Scheduled data import

Hello,

I’ve a dash application which is runnin 24x7 in a docker container.

However, there are new coming every night which needs to be imported to the application.
So i need to schedule the pd.read_csv(…) every night.

Is there any way, that i can schedule the pd.read.csv(…) and keep the application itself always running?

1 Like

@Robert2,

Sure, instead of having your information and dataframe be static at time of app startup, you put your layout to use the pd.read_csv. You can have different criteria around whether or not it pulls information or not.

If this doesn’t work for you, and you want to use a schedule, then you can spin up a SQLite db and update that in a separate cron job. Then query the db as your dataframe.

Hi @jinnyzor,

ya, but our dataset is that big, as the read_csv takes almost 5 minutes to load all data into ram.
So, when we call the pd.read_csv at any time (even when no new updates are there), the applicaiton load times increase too much.

Am favorizing a “watchdog” like implementation, which keeps track of the file changes and reload only if required. During the reload, the application shall show a maintenance screen instead the dash app

Is there a reason you are using a csv file instead of a database?

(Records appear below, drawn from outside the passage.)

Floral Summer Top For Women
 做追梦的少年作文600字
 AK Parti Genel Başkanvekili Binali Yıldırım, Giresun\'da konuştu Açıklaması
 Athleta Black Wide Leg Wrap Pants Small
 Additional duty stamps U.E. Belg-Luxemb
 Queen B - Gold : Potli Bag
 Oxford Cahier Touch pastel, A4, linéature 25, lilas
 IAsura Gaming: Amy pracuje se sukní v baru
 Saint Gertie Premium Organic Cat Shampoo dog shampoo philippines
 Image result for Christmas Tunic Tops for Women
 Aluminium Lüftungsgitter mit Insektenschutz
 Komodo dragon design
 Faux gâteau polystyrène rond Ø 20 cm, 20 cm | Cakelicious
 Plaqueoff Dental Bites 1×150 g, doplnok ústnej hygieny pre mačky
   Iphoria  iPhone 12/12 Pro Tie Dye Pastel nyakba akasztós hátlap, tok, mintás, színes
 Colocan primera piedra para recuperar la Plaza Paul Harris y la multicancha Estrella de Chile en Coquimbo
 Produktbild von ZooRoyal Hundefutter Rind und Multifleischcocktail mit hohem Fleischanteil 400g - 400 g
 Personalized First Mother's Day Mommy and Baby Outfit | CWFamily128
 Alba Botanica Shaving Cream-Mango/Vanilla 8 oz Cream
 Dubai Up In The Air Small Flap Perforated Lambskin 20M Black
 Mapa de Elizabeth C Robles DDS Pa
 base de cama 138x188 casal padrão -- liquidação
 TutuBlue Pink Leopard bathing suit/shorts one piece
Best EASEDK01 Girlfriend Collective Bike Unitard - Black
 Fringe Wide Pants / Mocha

There are several tests you can use to see if the file changed before parsing it.

Compare contents and using the modified date.

You could also caching the dataframe for easier initializing.

Yes, because there’s no database available at this server.

Automatic reload can be triggered by dcc.Interval

Dcc.interval requires a user to have the site open and active. Plus if you have multiple users, the dcc.intervals will not be in sync.

SQLite is a simple db that python can spin up without much effort at all.

I would update this db nightly and then query the dataframe new every new day of the user side.